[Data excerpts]
■ ■ ■ ■ ■ ■ ■

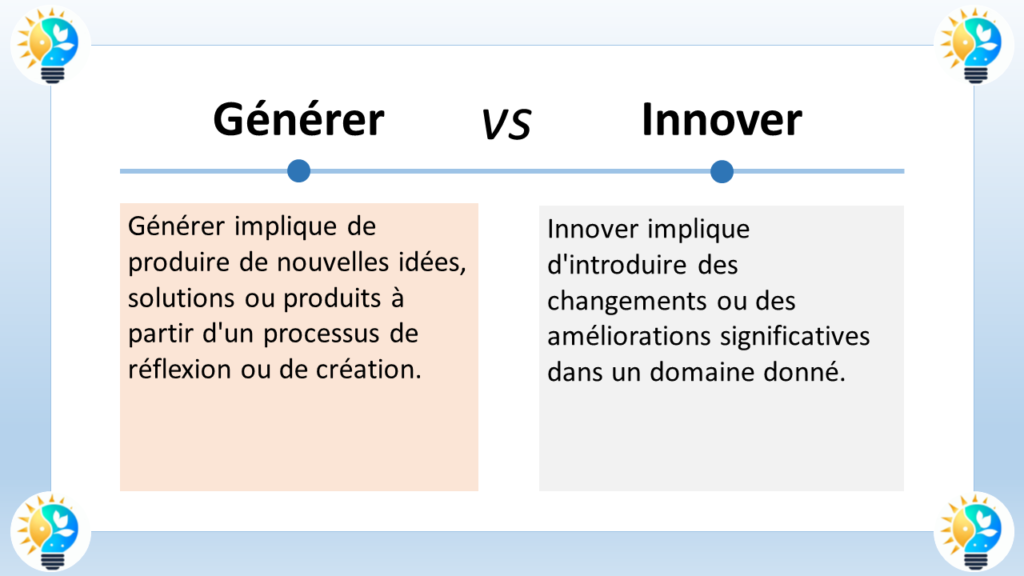 L'image présente une comparaison entre les concepts de "générer" et "innover". Elle met en évidence les différences fondamentales entre ces deux processus créatifs.

Générer

Générer implique de produire de nouvelles idées, solutions ou produits à partir d'un processus de réflexion ou de création. Il s'agit d'un processus initial qui consiste à concevoir et à développer de nouvelles entités. La génération peut se faire de manière individuelle ou collaborative, et elle peut impliquer une variété de techniques et d'outils.

Innover

Innover implique d'introduire des changements ou des améliorations significatives dans un domaine donné. Il s'agit d'un processus plus avancé qui consiste à appliquer des idées générées à des situations concrètes et à apporter une valeur ajoutée à un domaine existant. L'innovation implique souvent la résolution de problèmes, l'optimisation de processus ou la création de nouveaux produits ou services.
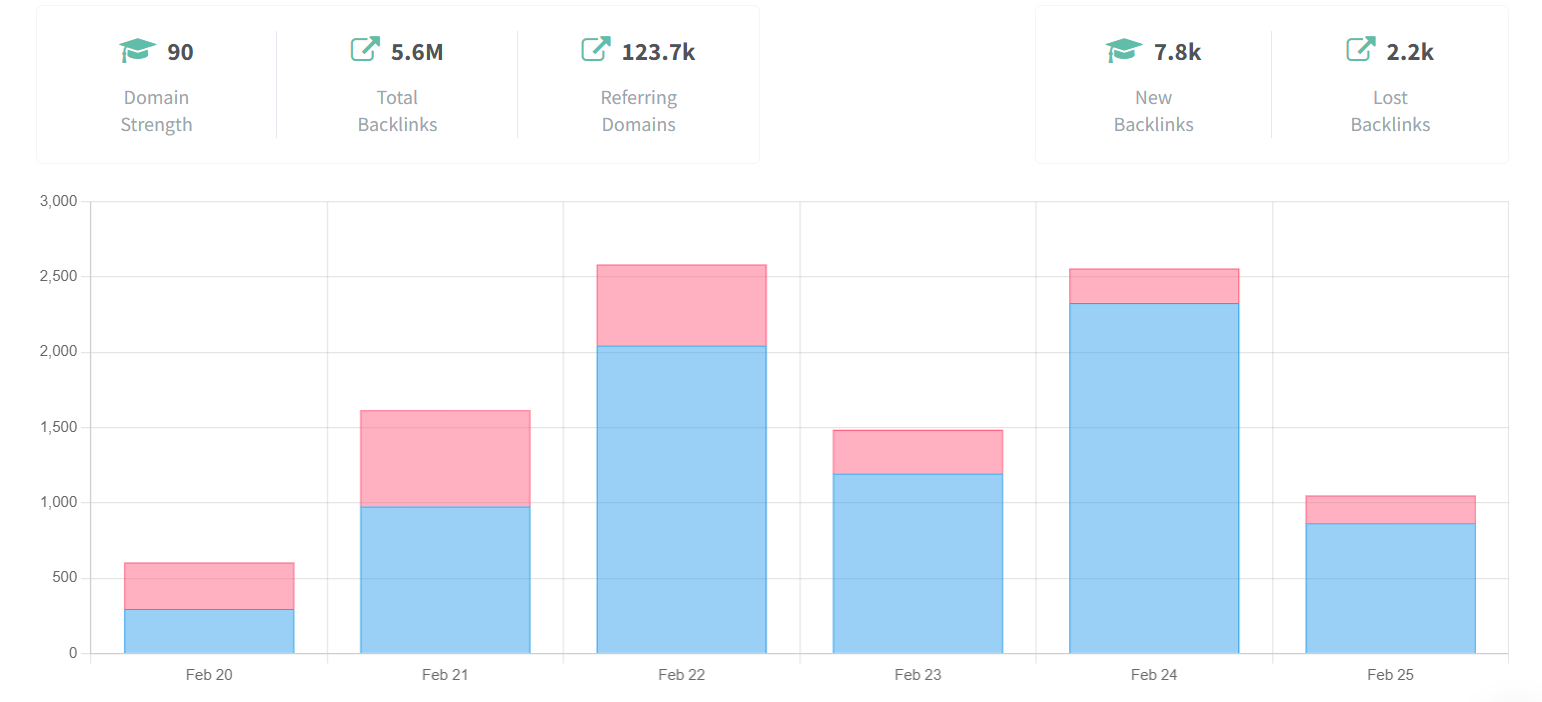 Gráfico de Monitoramento de Backlink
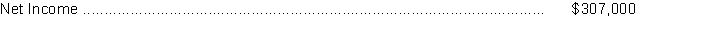 Doctor Company prepared the tabulation below at December 31, 2017.    Adjustments to reconcile net income to net cash provided by operating activities:    Instructions Show how each item should be reported in the statement of cash flows. Use parentheses for deductions.
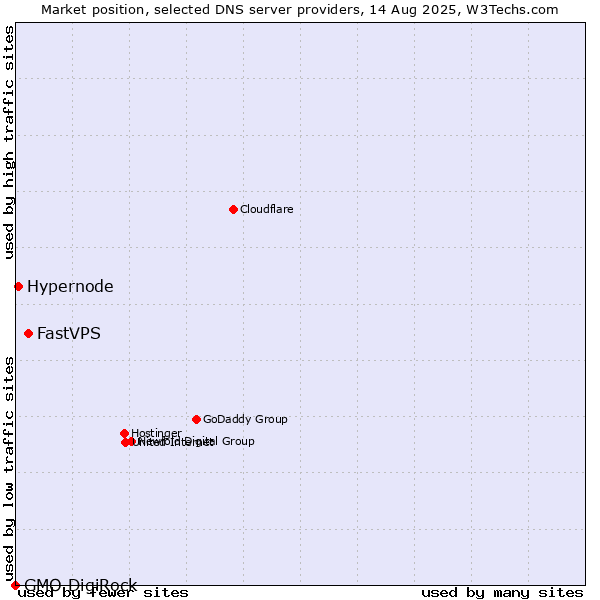Market position of FastVPS vs. Hypernode vs. GMO DigiRock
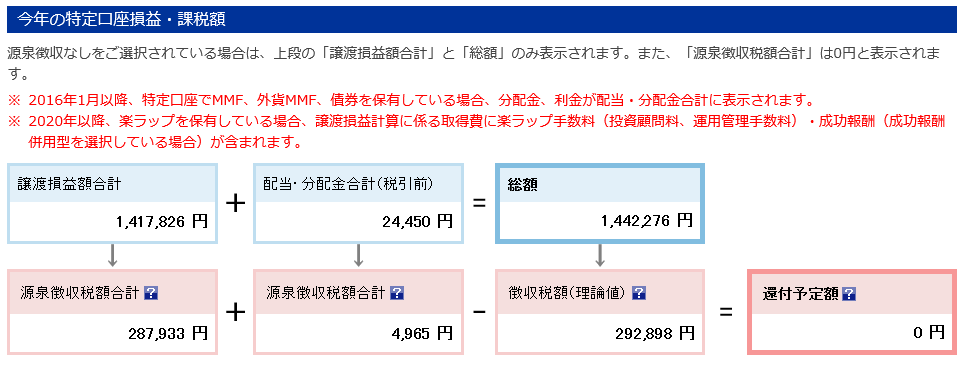 借金700万円　個人再生　株式投資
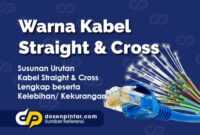 Warna Kabel Straight & Cross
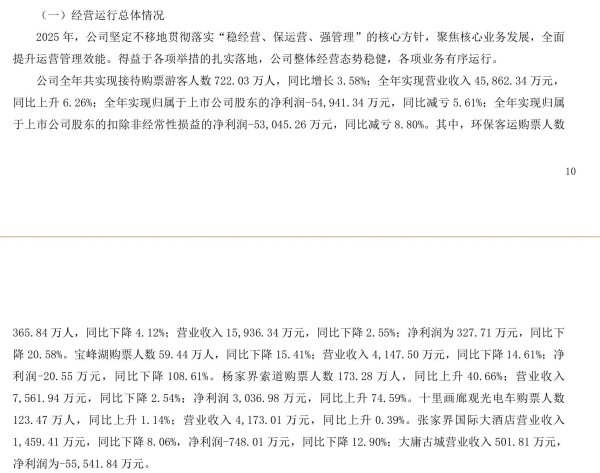 去年因大庸古城项目亏损超5亿元，今年一季度重整获益净利润增长10倍，ST张家界申请“摘帽”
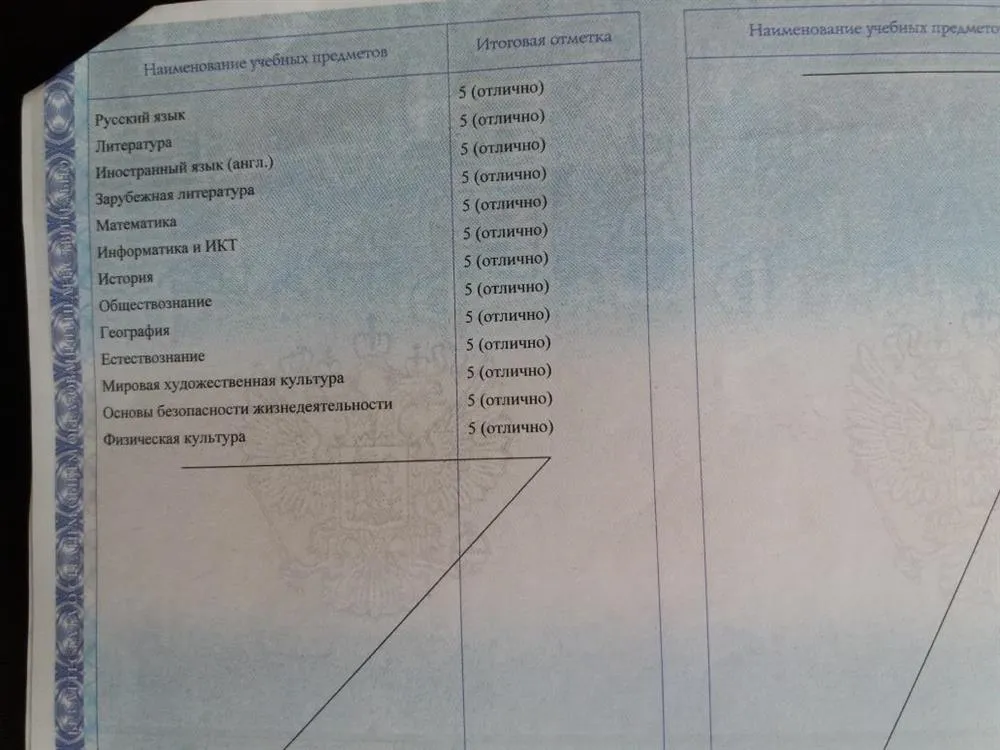 Аттестат с отличием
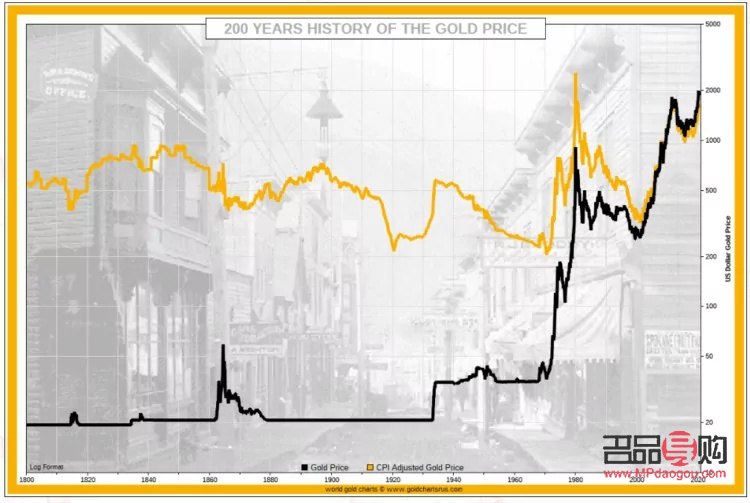 <h3>2023年黃金回收價格走勢分析與預測</h3>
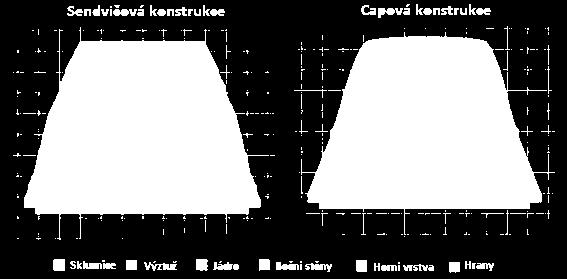 Obrázek 5:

■ ■ ■ ■ ■ ■ ■

* Activity
Every entry, word for word, should be given again; the pictures are not part of the copy.

* Written response
 L'image présente une comparaison entre les concepts de "générer" et "innover". Elle met en évidence les différences fondamentales entre ces deux processus créatifs.

Générer

Générer implique de produire de nouvelles idées, solutions ou produits à partir d'un processus de réflexion ou de création. Il s'agit d'un processus initial qui consiste à concevoir et à développer de nouvelles entités. La génération peut se faire de manière individuelle ou collaborative, et elle peut impliquer une variété de techniques et d'outils.

Innover

Innover implique d'introduire des changements ou des améliorations significatives dans un domaine donné. Il s'agit d'un processus plus avancé qui consiste à appliquer des idées générées à des situations concrètes et à apporter une valeur ajoutée à un domaine existant. L'innovation implique souvent la résolution de problèmes, l'optimisation de processus ou la création de nouveaux produits ou services.
 Gráfico de Monitoramento de Backlink
 Doctor Company prepared the tabulation below at December 31, 2017.    Adjustments to reconcile net income to net cash provided by operating activities:    Instructions Show how each item should be reported in the statement of cash flows. Use parentheses for deductions.
Market position of FastVPS vs. Hypernode vs. GMO DigiRock
 借金700万円　個人再生　株式投資
 Warna Kabel Straight & Cross
 去年因大庸古城项目亏损超5亿元，今年一季度重整获益净利润增长10倍，ST张家界申请“摘帽”
 Аттестат с отличием
 <h3>2023年黃金回收價格走勢分析與預測</h3>
 Obrázek 5:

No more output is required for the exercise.